▶ **Data excerpts**
◆ ◆ ◆

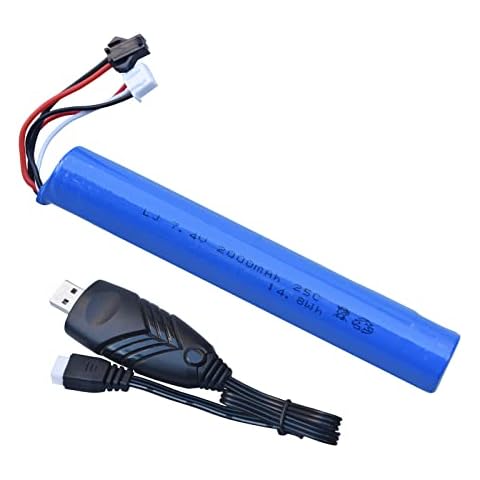 funkawa Water Bead Gel Ball Blaster 7.4V 2000mAh Rechargeable Battery with Charging Cable, Airsoft Gel Ball Blaster Battery Compatible with SRB400, SRB-400 SUB and SRB1200 (1-Pack) Cover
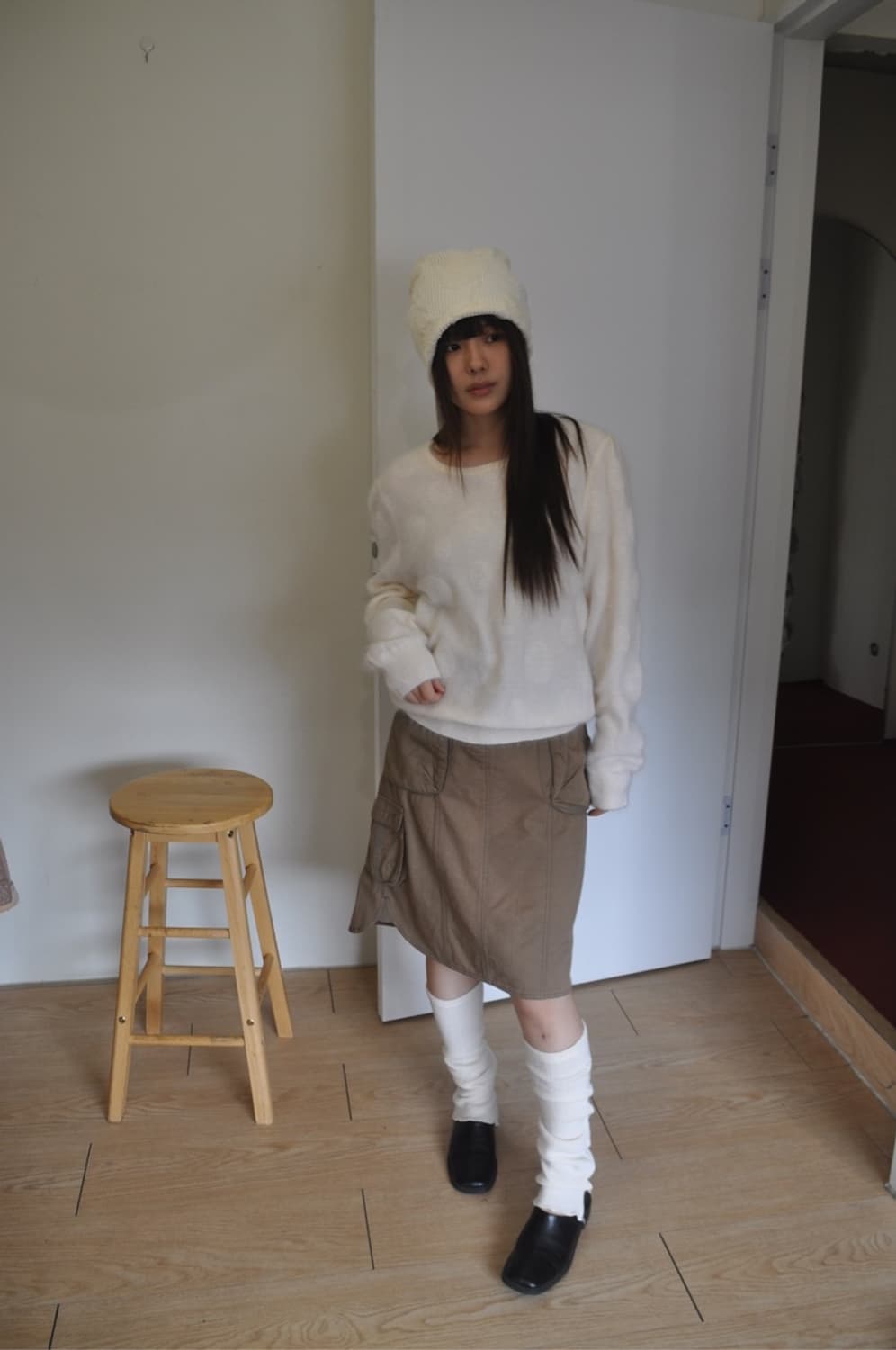 카키 카고 스커트  상품이미지4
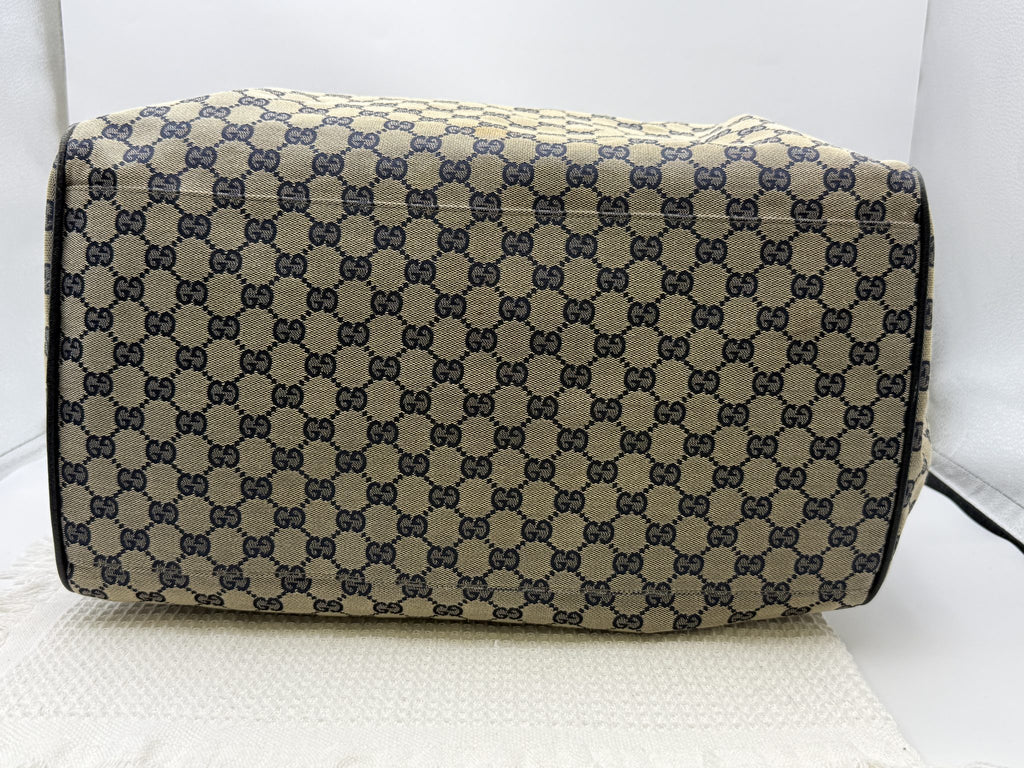 gucci web gg canvas tote beige and brown gg canvas and leather stock no 00732451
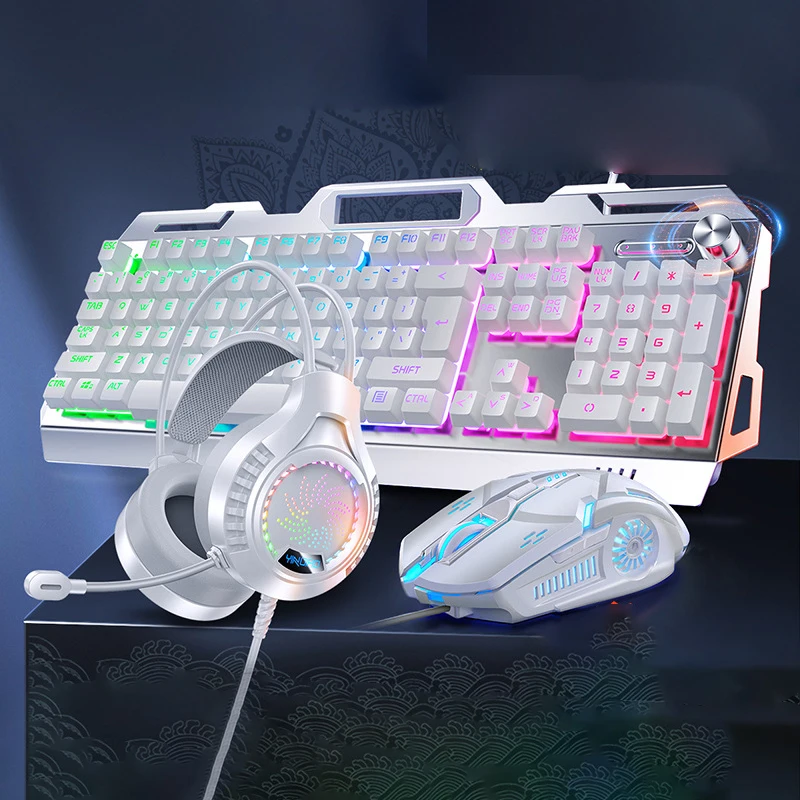 Teclado e Mouse Conjunto em Rgb para Gamer Teclado e Mouse Fone de Ouvido Backlit Usb com Fio para Computador Laptop Laptop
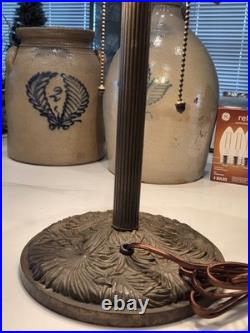 Bradley Hubbard Slag Glass Antique Vintage Art Nouveau Lamp Handel Era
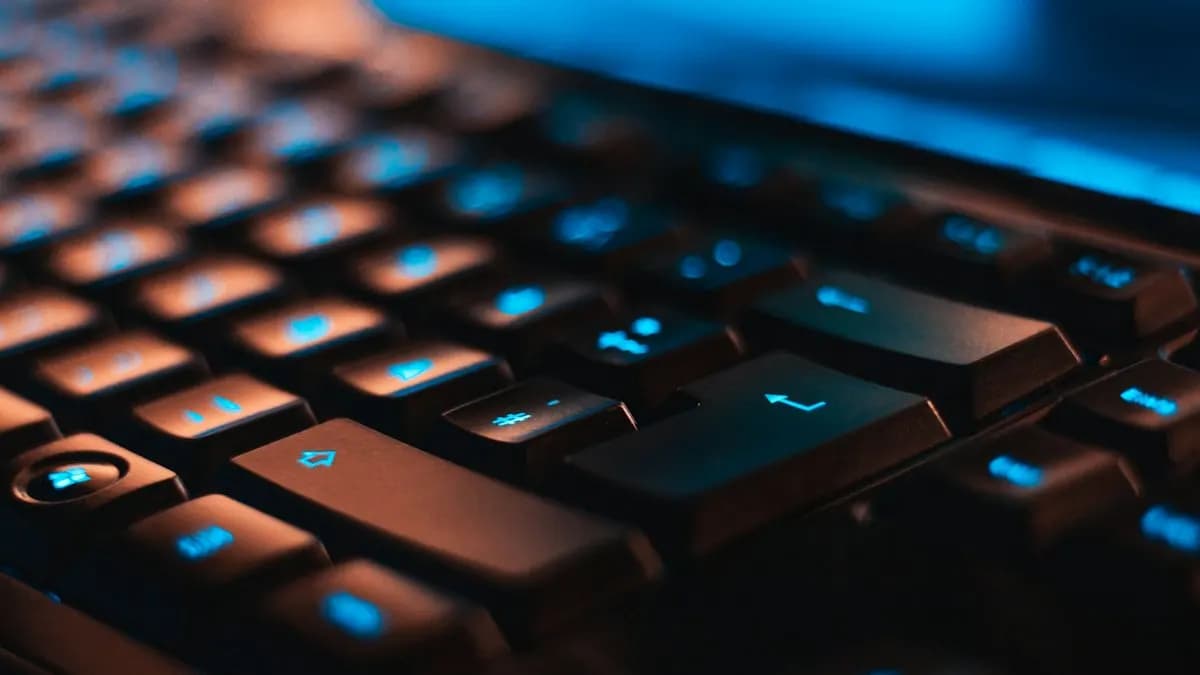 Close-up of a computer keyboard used for video editing shortcut keys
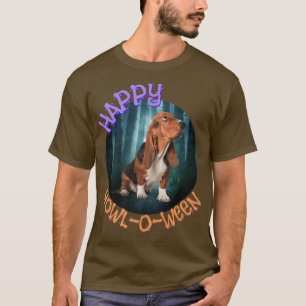 Happy Howloween Cute Funny Basset hound Halloween  T-Shirt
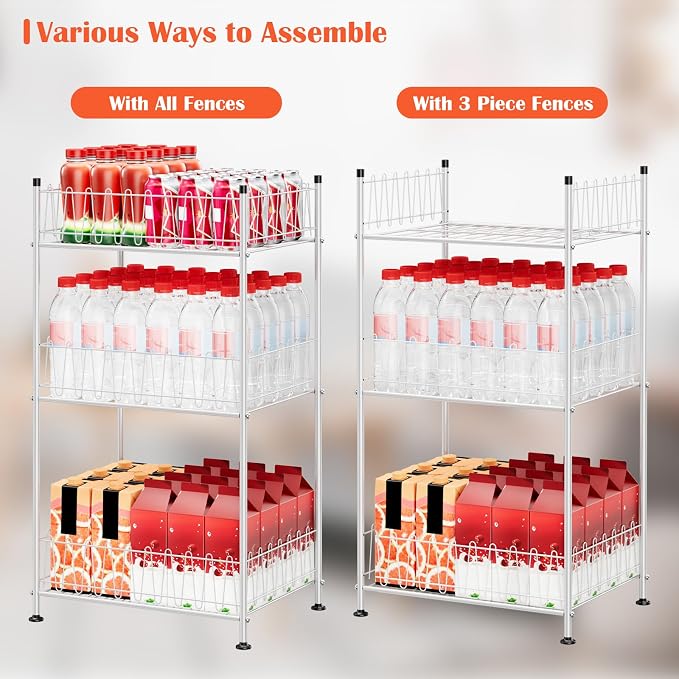 ETELI Water Bottle Storage Organizer 3 Tier Freestanding Water Bottle Holder - Image 5
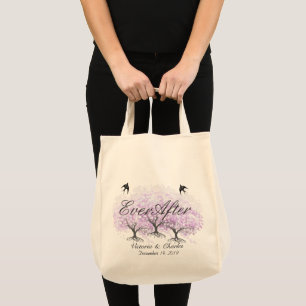 Heart Löv Lavender Träd Vintage Bird Bröllop Tygkasse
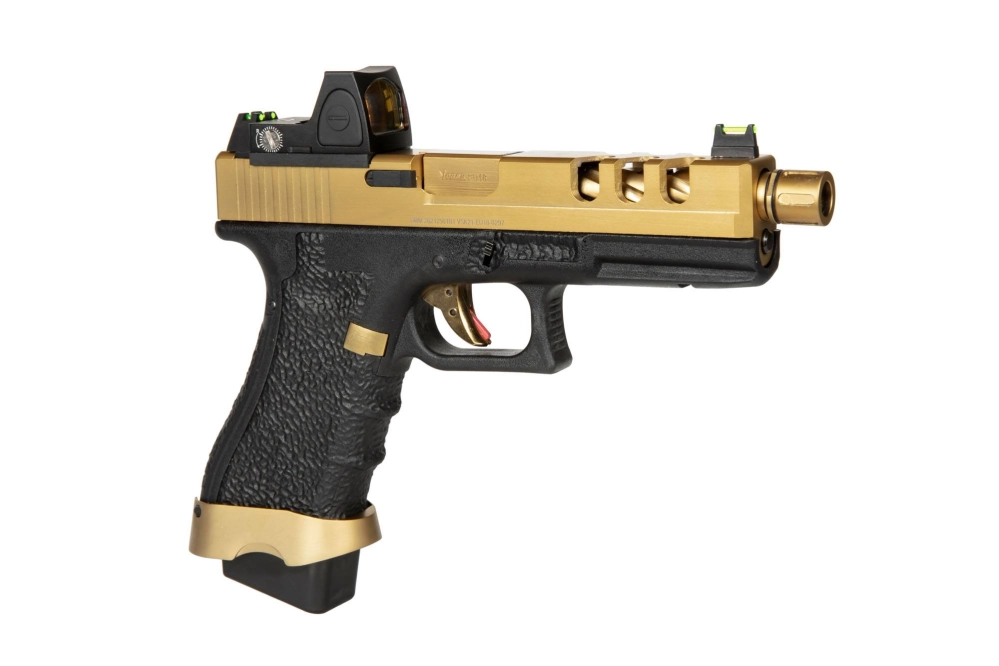 EU18 Pistol Replica with BDS Red Dot - Vented Gold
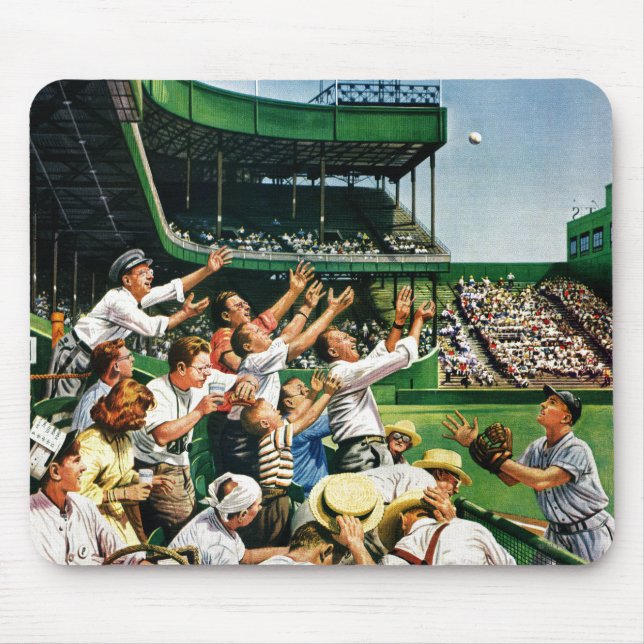 Catching Home Run Ball Mouse Pad (Front)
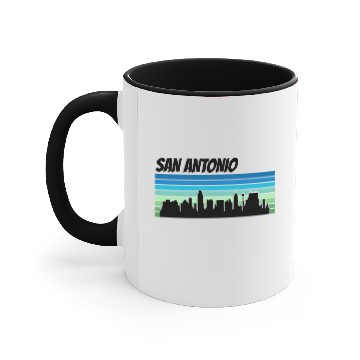 Discover Retro San Antonio Skyline Accent Mugs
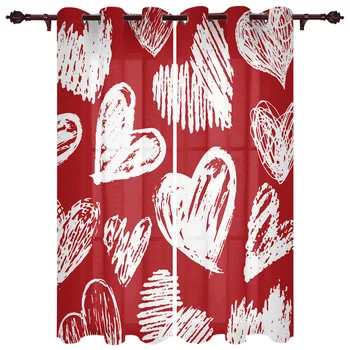 Нарисованные вручную шторы с люверсами на День Святого Валентина для спальни, гостиной, домашнего декора, обработки окон, шторы  0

◆ ◆ ◆

▶ **Activity**
In your output, repeat the listing above exactly and include none of the pictures.

▶ **Answer section**
 funkawa Water Bead Gel Ball Blaster 7.4V 2000mAh Rechargeable Battery with Charging Cable, Airsoft Gel Ball Blaster Battery Compatible with SRB400, SRB-400 SUB and SRB1200 (1-Pack) Cover
 카키 카고 스커트  상품이미지4
 gucci web gg canvas tote beige and brown gg canvas and leather stock no 00732451
 Teclado e Mouse Conjunto em Rgb para Gamer Teclado e Mouse Fone de Ouvido Backlit Usb com Fio para Computador Laptop Laptop
 Bradley Hubbard Slag Glass Antique Vintage Art Nouveau Lamp Handel Era
 Close-up of a computer keyboard used for video editing shortcut keys
 Happy Howloween Cute Funny Basset hound Halloween  T-Shirt
 ETELI Water Bottle Storage Organizer 3 Tier Freestanding Water Bottle Holder - Image 5
 Heart Löv Lavender Träd Vintage Bird Bröllop Tygkasse
 EU18 Pistol Replica with BDS Red Dot - Vented Gold
 Catching Home Run Ball Mouse Pad (Front)
 Discover Retro San Antonio Skyline Accent Mugs
 Нарисованные вручную шторы с люверсами на День Святого Валентина для спальни, гостиной, домашнего декора, обработки окон, шторы  0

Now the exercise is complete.